▶ _EXERCISE_
With pictures left out, write out exactly every line from the start of the data through the one that contains "Let's select this".

------------------------------------------------------------

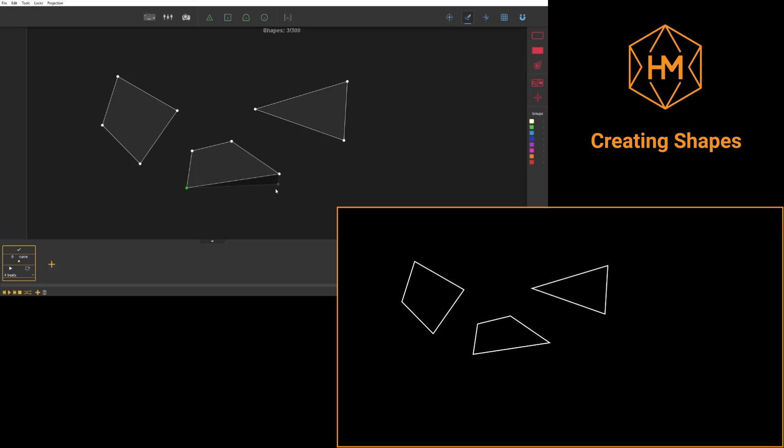If you click on the first dot again, the shape will be considered as done and the next click will start a new one.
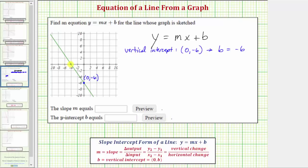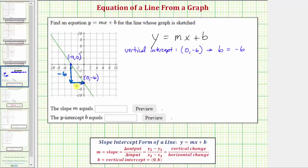Let's select this point, which happens to be the horizontal intercept with coordinates negative four comma zero. From the point on the left to the point on the right, notice we'd have to go down six units, so the vertical change is negative six — going up would make it positive. Then from here we go right four units, so the horizontal change is positive four — moving left would make it negative.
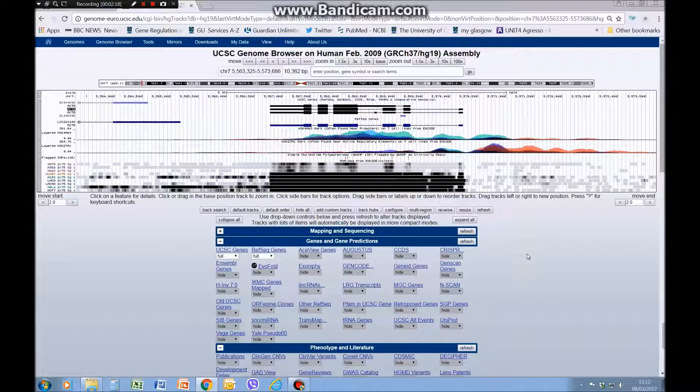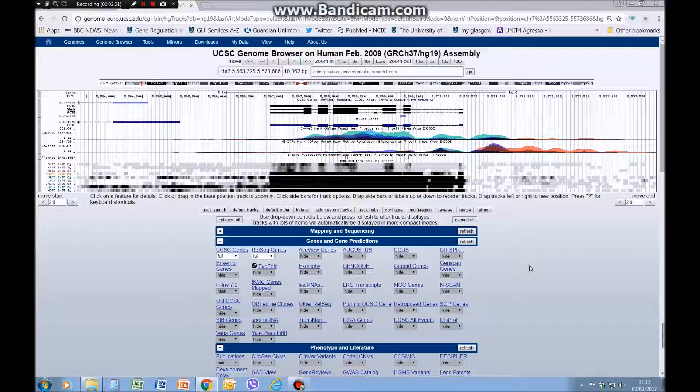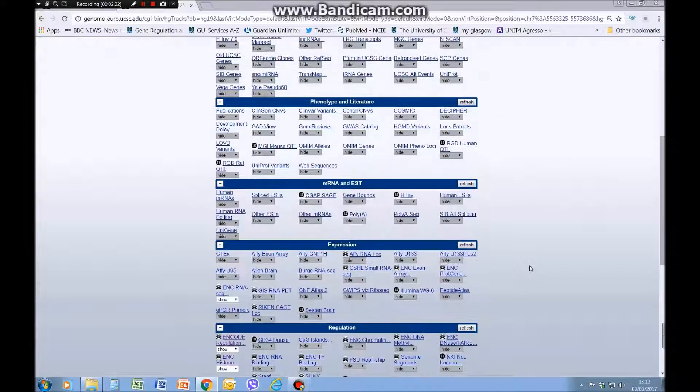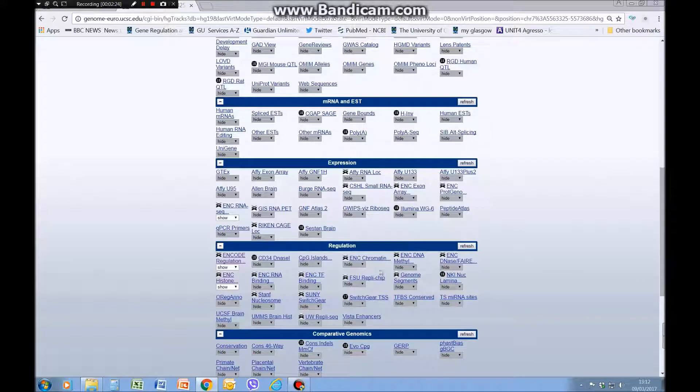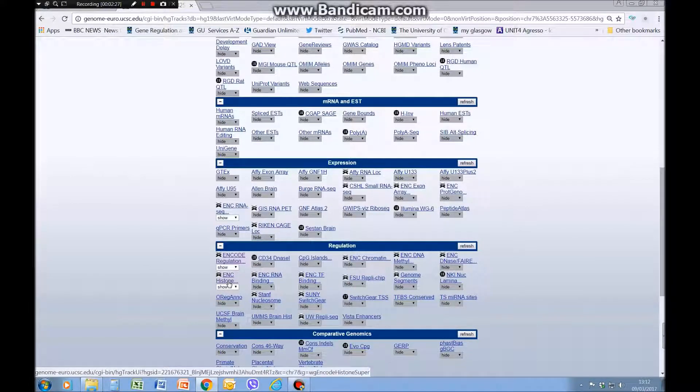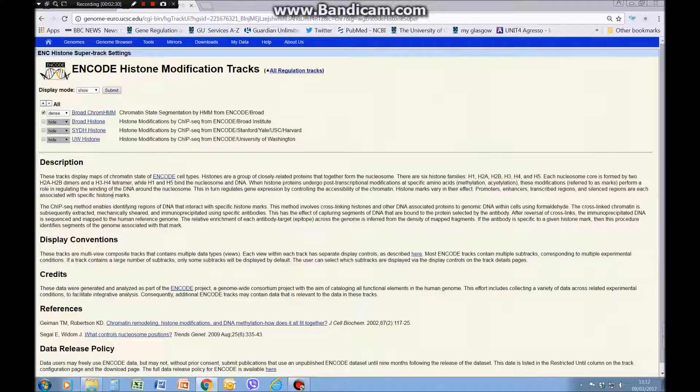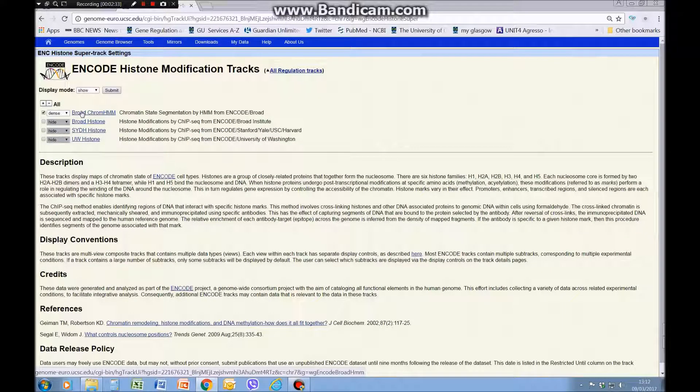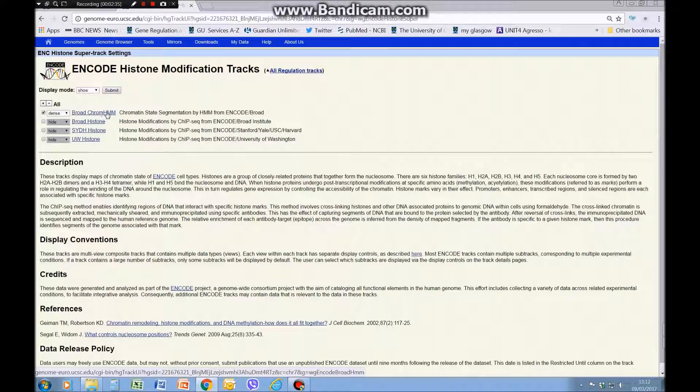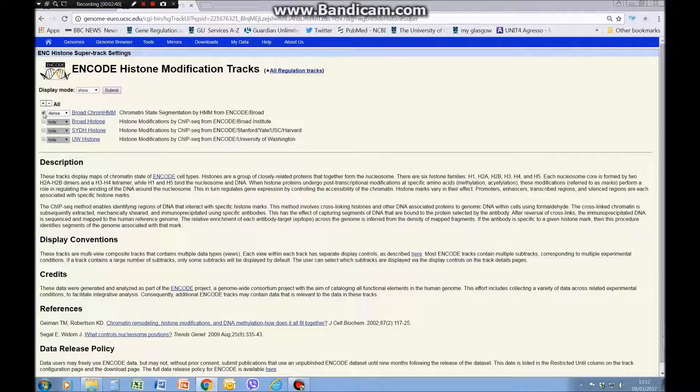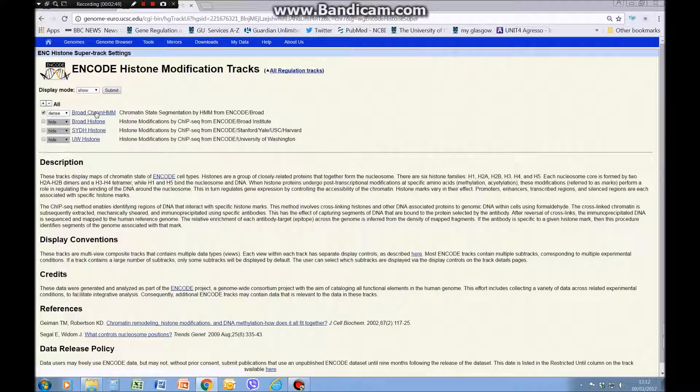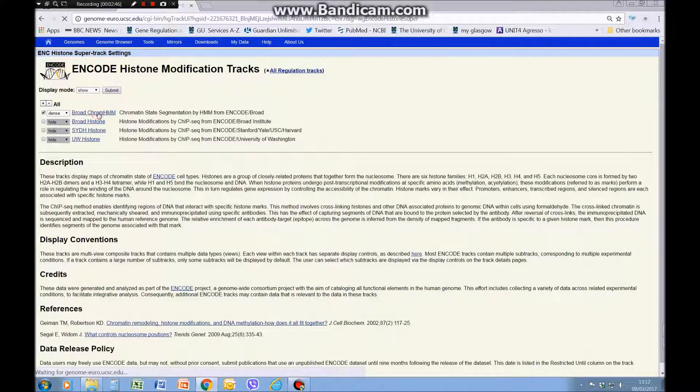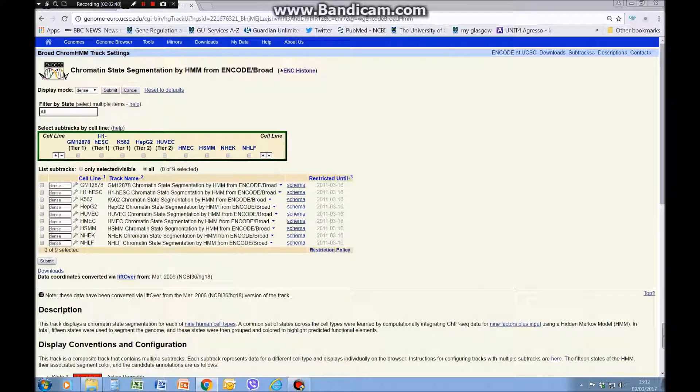The other really useful thing to do is look at chromatin state maps. To do that we go down again to the regulation menu and now we're looking at ENC histone. We'll click on the link for ENCODE histone and here we want the Broad, that's the Broad Institute chromatin histone modification maps.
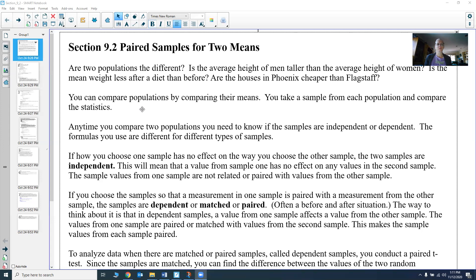If the measurements in one sample are in fact paired with measurements from the other sample, the samples are called dependent, matched, or paired. This is often like a before-and-after situation — you want to know before weight and after weight. You know that person, you know how much change they actually had, so you can talk about the change in the before and after values. A value from one sample affects the value from the other sample.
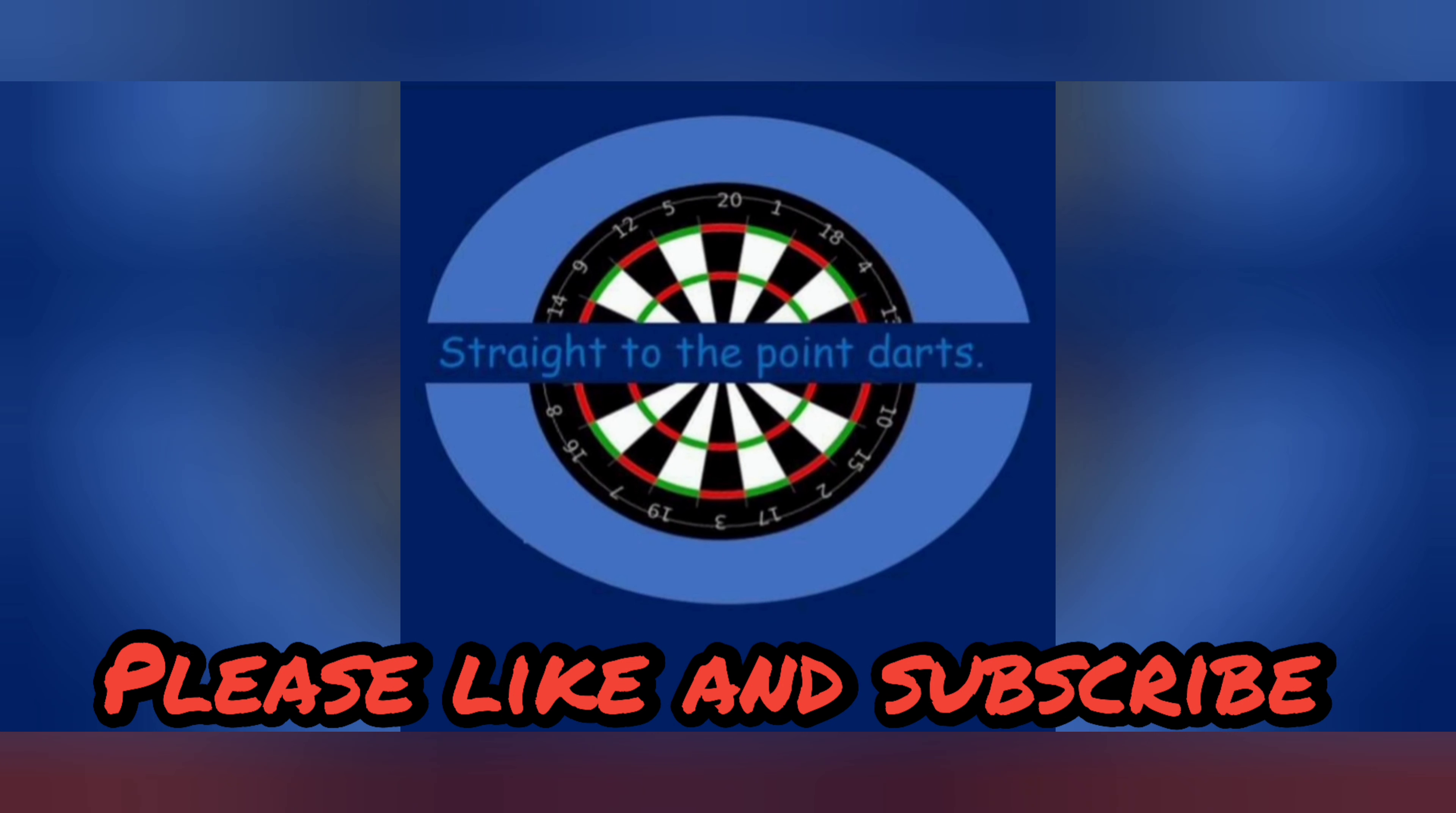Welcome Dart Players one and all. Today on Straight to the Point, I just want to share a clip that Damon Heta put up on Twitter.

------------------------------------------------------------

▶ _EXERCISE RESPONSE_
If you click on the first dot again, the shape will be considered as done and the next click will start a new one.
Let's select this point, which happens to be the horizontal intercept with coordinates negative four comma zero. From the point on the left to the point on the right, notice we'd have to go down six units, so the vertical change is negative six — going up would make it positive. Then from here we go right four units, so the horizontal change is positive four — moving left would make it negative.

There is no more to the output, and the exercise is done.